Entretanto, esta última declaração não deve ser interpretada como significando que o aperfeiçoamento do volt seja agora desnecessário. Por causa da exata representação do volt ser importante para a ciência, comércio e indústria, é importante para os laboratórios continuarem seus esforços para realizar o volt com grande exatidão direta ou indiretamente através de medições de constantes fundamentais relevantes. Isto poderia resultar uma significante redução das incertezas determinadas da nova representação.
O propósito da representação do novo volt é melhorar a uniformização em todo o mundo das representações nacionais do volt e suas consistências com o SI. A questão que surgiu então, foi como proceder para ser seguido por aqueles laboratórios que não baseavam suas representações do volt no efeito Josephson. De acordo com o ponto de vista expresso pelo CCE durante suas discussões em conecção com a declaração E1 (1986), foi recomendado que em 1º de Janeiro de
1990 tais laboratórios ajustassem os valores das suas representações do volt de tal forma que eles ficassem consistentes com a nova representação. Além disso, esta consistência deveria ser mantida por padrões transferíveis de tensão
periodicamente calibrados por um laboratório que baseasse sua representação do volt no efeito Josephson, por exemplo o BIPM [Ver referências 16, 22 e 26]. 2.4 –O SURGIMENTO DA METROLOGIA NO BRASIL
A lei imperial n.º 1157 de D. Pedro II em 26 de Junho de 1862, determinou a adoção do sistema métrico no Brasil. A Lei além de autorizar o governo a adquirir padrões na França, obrigava o ensino do sistema métrico nas escolas e dava um prazo de dez anos para a efetiva implantação do novo sistema, porém, somente em 1872 saiu um regulamento que definia como prazo final para a adoção das novas medidas o dia 1º de julho de 1873. Após este prazo, as mercadorias para consumo teriam de ter suas quantidades expressas em metros, litros e quilogramas. O Brasil participaria dois anos depois da Convenção do Metro, tendo recebido no início da década seguinte um metro padrão que foi guardado no Arquivo Público Imperial.

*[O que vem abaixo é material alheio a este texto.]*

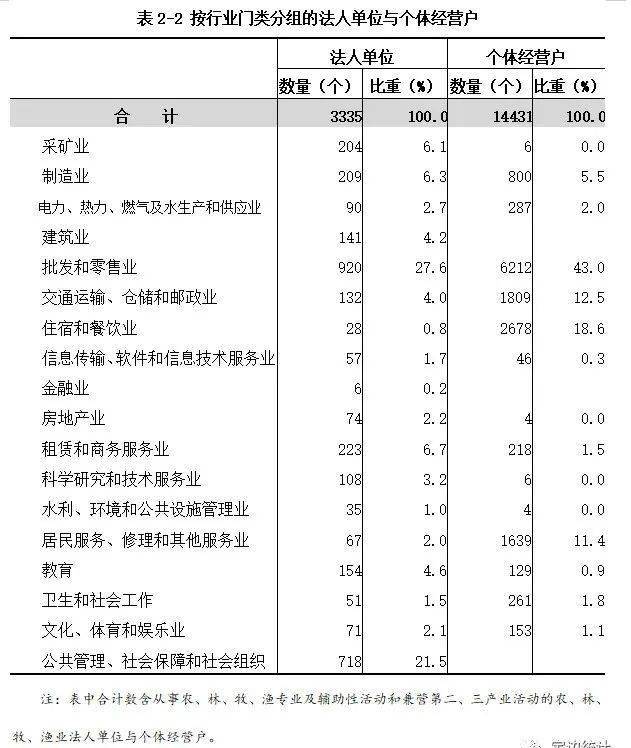 定边的gdp(2)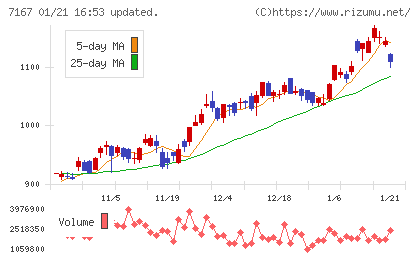 めぶきフィナンシャルグループチャート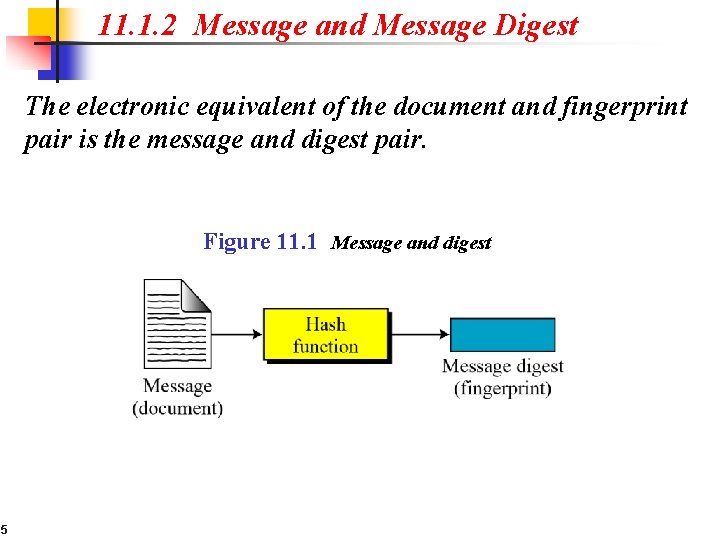 11. 1. 2 Message and Message Digest The electronic equivalent of the document and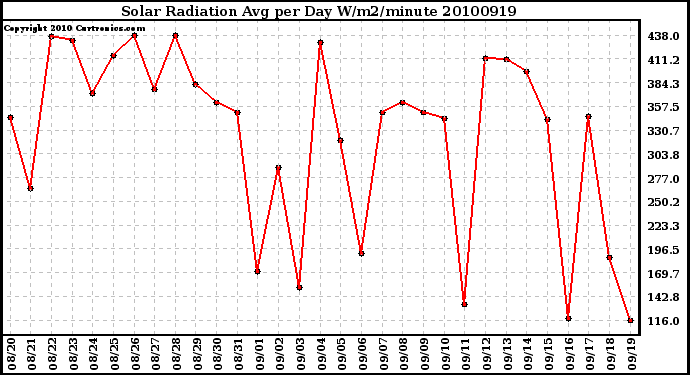 Milwaukee Weather Solar Radiation Avg per Day W/m2/minute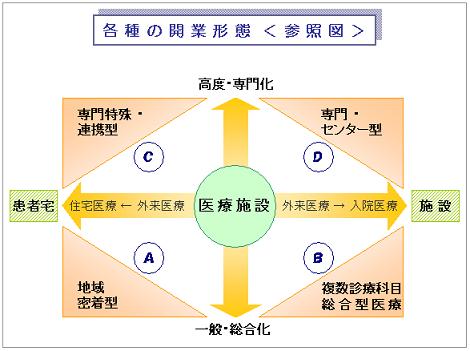 医院開業相談受付サービス 経営・事業サポート八十二銀行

A intermitência da relação do Brasil com o BIPM marcaram as décadas seguintes, ora pagando as contribuições anuais que lhe davam a condição de adepto da Convenção do Metro, ora se tornando inadimplente. Por outro lado, faltava ao país ter um órgão dedicado a metrologia, fato que começaria a ser resolvido com a criação, em 1934, do Instituto de Pesquisas Tecnológicas do estado de São Paulo (IPT), com uma seção de metrologia, e do Instituto Nacional de Tecnologia (INT) no Rio de Janeiro, que, entretanto, só teve em 1946 criada uma Divisão de Metrologia. Em 1938 é promulgado o Decreto-lei número 592 que cria a Comissão de Metrologia, dá ao INT as atribuições de um Instituto Nacional de Padrões e estabelece como sistema legal de medidas no Brasil aquele definido pelas Conferências Gerais de Pesos e Medidas.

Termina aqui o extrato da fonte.